_DATA EXTRACT_.
________________
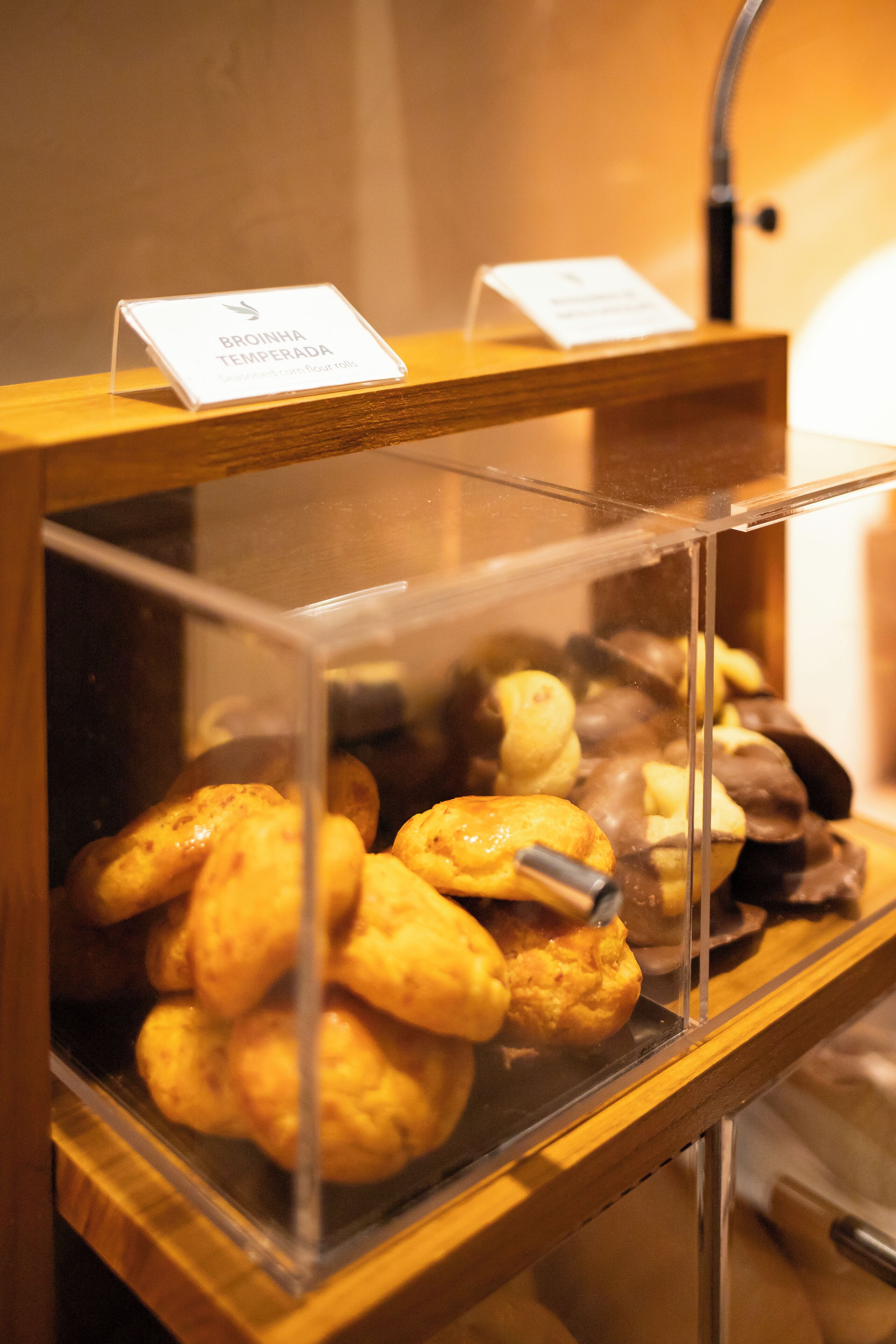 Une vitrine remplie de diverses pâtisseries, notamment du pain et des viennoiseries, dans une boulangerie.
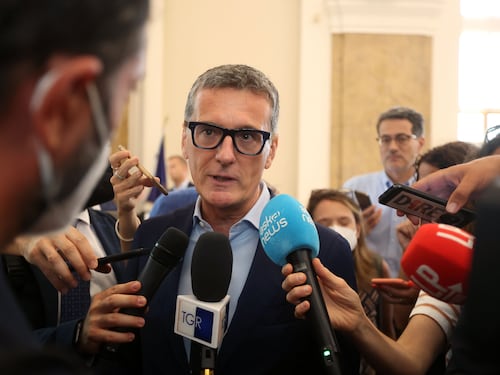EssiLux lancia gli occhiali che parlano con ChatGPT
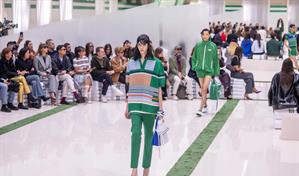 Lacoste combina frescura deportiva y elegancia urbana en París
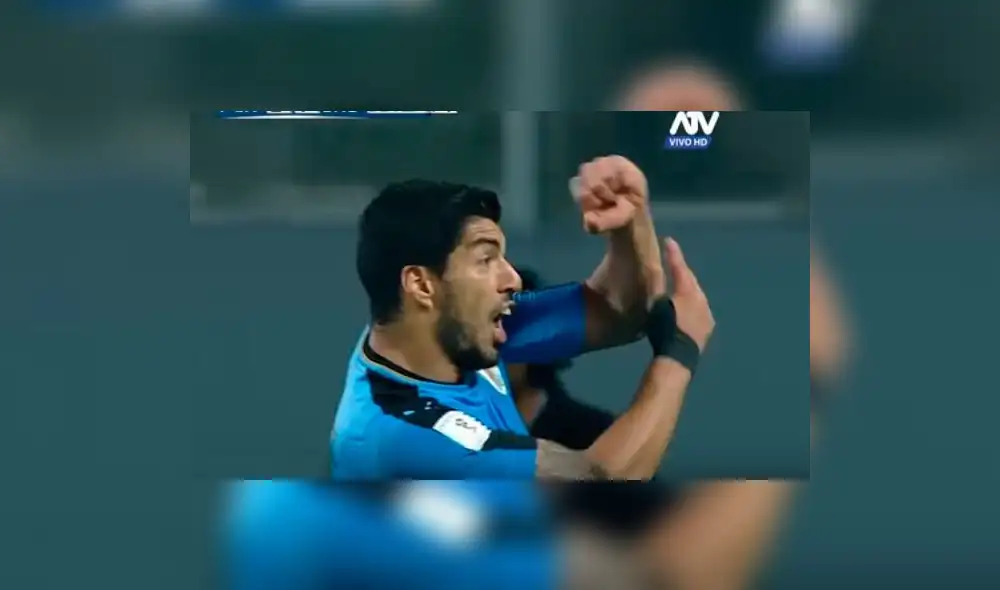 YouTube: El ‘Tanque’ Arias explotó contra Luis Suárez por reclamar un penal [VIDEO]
________________
_TASK DETAILS_.
Extract the full listing above verbatim; pictures are to be left out of the copy.

_WRITTEN RESPONSE_.
 Une vitrine remplie de diverses pâtisseries, notamment du pain et des viennoiseries, dans une boulangerie.
EssiLux lancia gli occhiali che parlano con ChatGPT
 Lacoste combina frescura deportiva y elegancia urbana en París
 YouTube: El ‘Tanque’ Arias explotó contra Luis Suárez por reclamar un penal [VIDEO]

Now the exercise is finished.